── Data extract

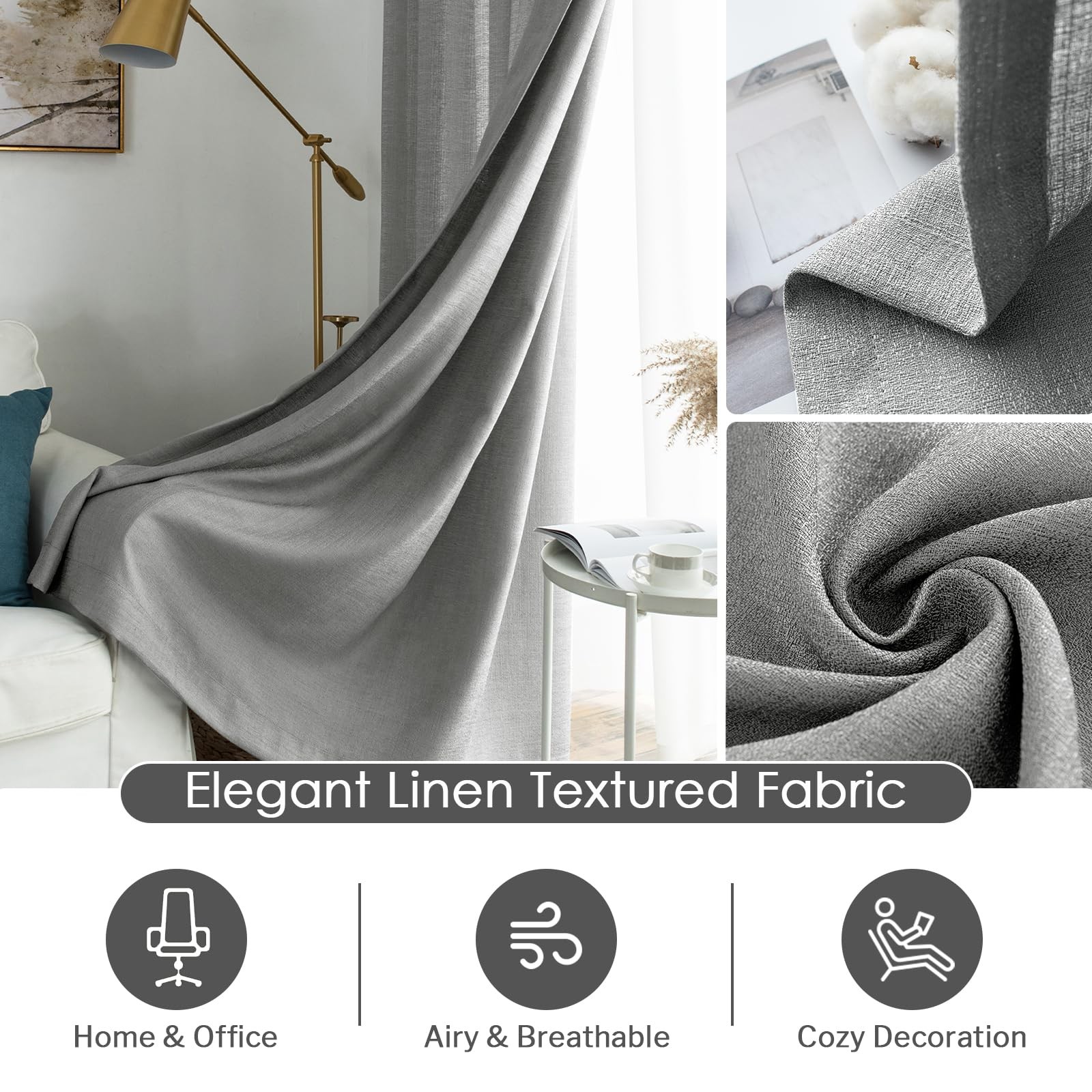Gray Semi Sheer Curtains 84 Inches Long for Living Room, Bedroom Linen Look W…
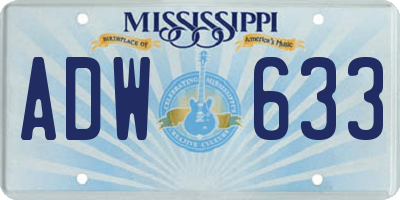 MS license plate ADW633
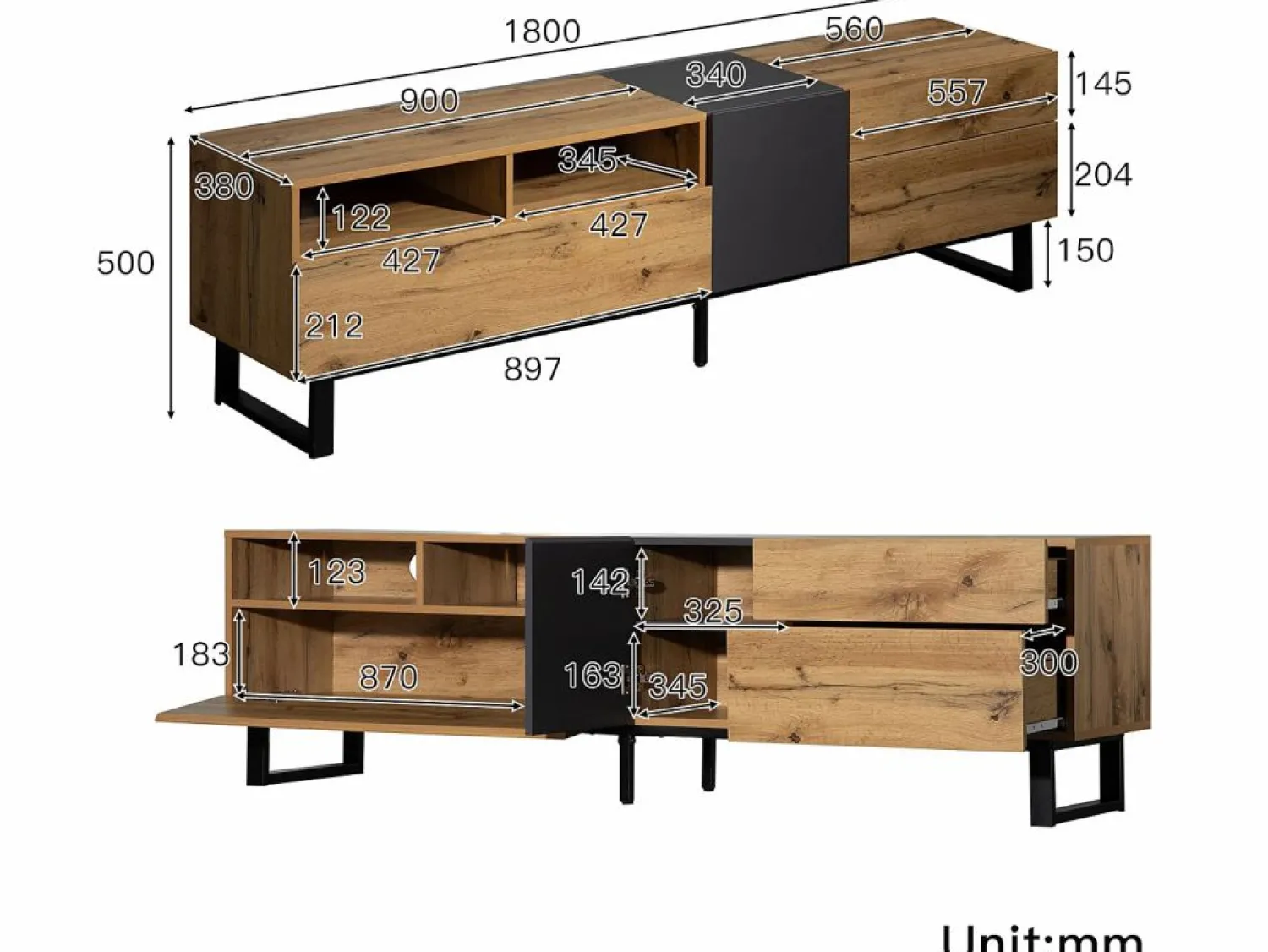 ModernLuxe Mueble TV 180cm - 2 cajones y 5 compartimentos - estilo industrial - Natural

────

[Problem details]
Drop the images and return the data verbatim.

[Expected answer]
Gray Semi Sheer Curtains 84 Inches Long for Living Room, Bedroom Linen Look W…
 MS license plate ADW633
 ModernLuxe Mueble TV 180cm - 2 cajones y 5 compartimentos - estilo industrial - Natural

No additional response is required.